Underneath me is this itch and crawl. I tell myself it is the stickiness of the dirty blankets. But it is not that. I know what it is. It is lice that itch and crawl beneath me. I lie here and feel them crawl. I do not scratch. It does no good to scratch. I lie here and grit my teeth until I can stand it no longer. I pull these blankets off me and strike a match. I cannot see them. They are too small to see. I brush these blankets off with my hands. I take these newspapers out of my pants pocket and spread them over the bed. I leave some of the paper hang over the sides. Maybe if they try to crawl out to the edge to get me, they will fall to the floor and break their necks. I lie back down and spread the rest of these papers over me.

It is better now. There is no itch to make me lie and grit my teeth. It is better to freeze to death than to be eaten alive by lice. The stiff under me snores again and scratches. The stiff under him snores and scratches. I lie here and try to think back. I try to think back over the years that I have lived. But I cannot think of years any more. I can think only of the drags I have rode, of the bulls that have sapped up on me, and the mission slop I have swilled. People I have known, I remember no more. They are gone. They are out of my life. I cannot remember them at all. Even my family, my mother, is dimmed by the strings of drags with their strings of cars that are always with me in my mind through the long, cold nights. Whatever is gone before is gone. I lie here and I think, and I know that whatever is before is the same as that which is gone. My life is spent before it is started. I peer into the blackness of the ceiling, and in its blackness I try to find the riddle of why I lie here on top of this three-decker bunk with the snores of a thousand men around me.
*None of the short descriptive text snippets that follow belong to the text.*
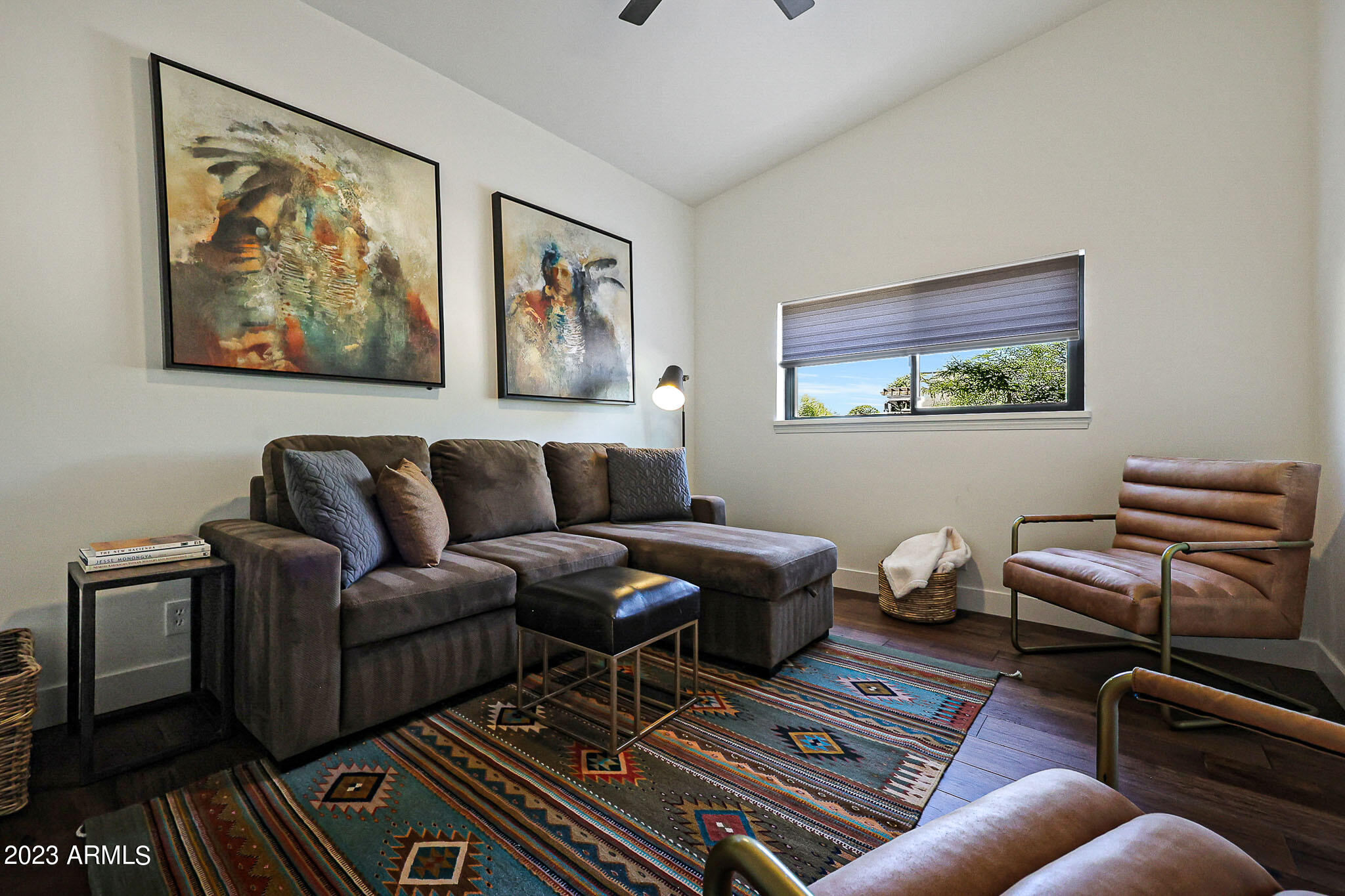 8049 E SERENE Street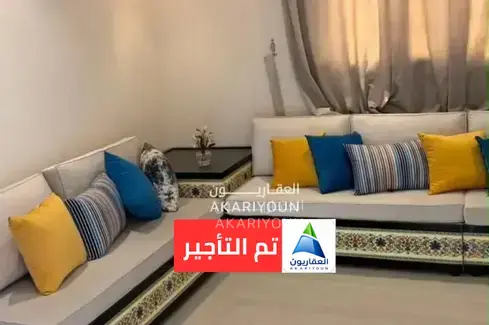 دور للإيجار في حي العقيق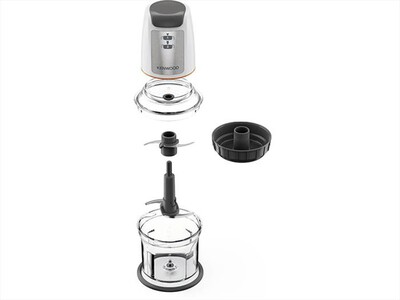 KENWOOD. - CHP61.100WH-White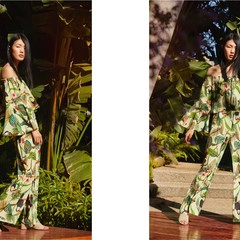 Foto 4 de 8 de la galería lefties-tropical-garden en Trendencias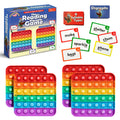 Reading Digraphs Fidget Game | Educational Phonics Sensory Toy for Kids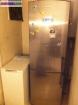 Frigo whirlpool+machine a laver - Miniature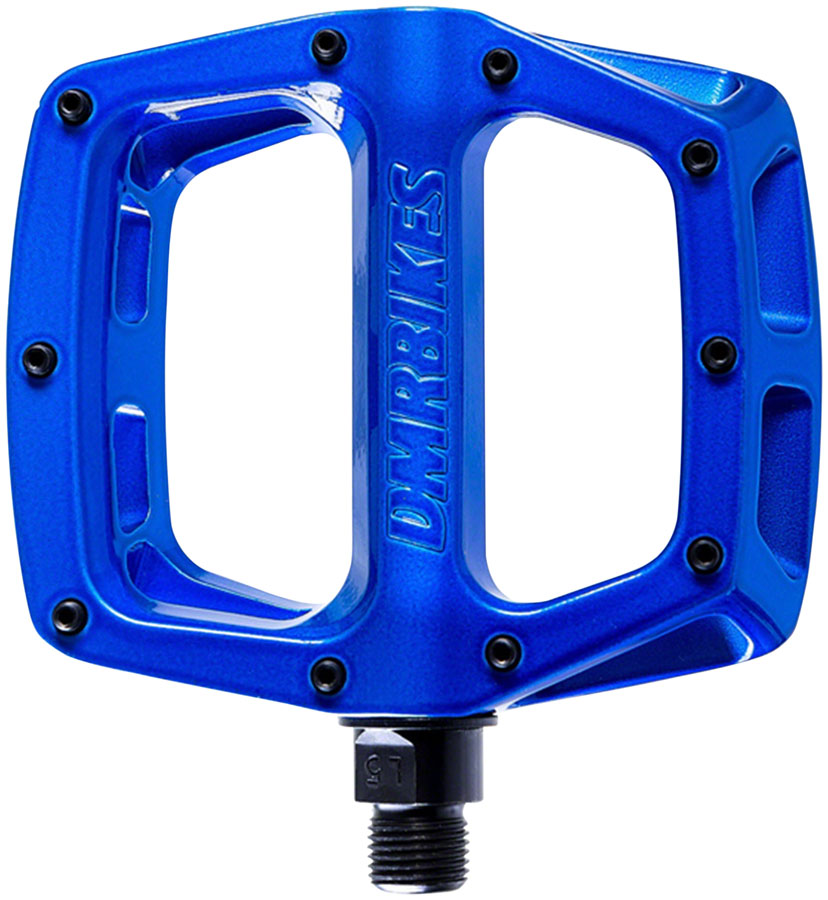 dmr plastic pedals DMR V8 Pedals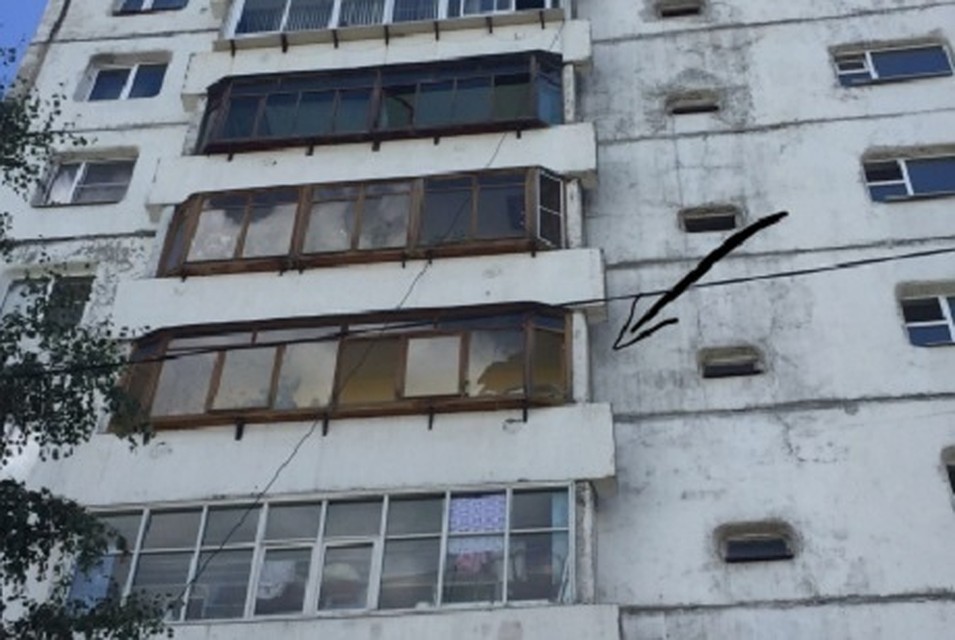 Иркутянина, открывшего стрельбу в микрорайоне Зеленый, отправили в СИЗО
I look over at this stiff's empty bunk. Dead in an hour. I shiver. Great Christ, I think, is this the way I will go out, too? It is hard enough to pass out in a nice feather bed with all your family gathered around and crying. It is no snap to die like that. But this way. Lying up on top of a three-decker bunk. No mattress under you. Only a dirty blanket. Lie here and rattle and groan. Lie here and feel the lice crawling all over you and under you. Lie here with only the whites of your eyes gleaming through the dark. To feel the bones sticking out of your skin. It will get me, too, like it got this guy. It is getting me. I can feel it. Twenty years before my time I will be like this guy. Maybe it will be in a mission like this, and they will come and carry me out on a stretcher. Maybe I will be lying in the corner of a box car with the roar of the wheels underneath me. Maybe it will come quick while I am shivering in a soup-line, a soup-line that stretches for a block and never starts moving. I lie up here on my three-decker bunk and shiver. I am not cold. I am afraid. What is a man to do? I know well enough what he can do. All he can do is to try to keep his belly full of enough slop so that he won't rattle when he breathes. All he can do is to try and find himself a lousy flop at night. Day after day, week after week, year after year, always the same — thre


[1] Mission: “A place in which homeless people could reside for a night” (Greene’s Slang Dictionary, web).

[2] Gas Hound: “a drinker of wood alcohol, ether, and similar intoxicating, if poss. poisonous, stimulants” (Greene’s Slang Dictionary, web); referring to a person who drinks gasoline for the alcohol content.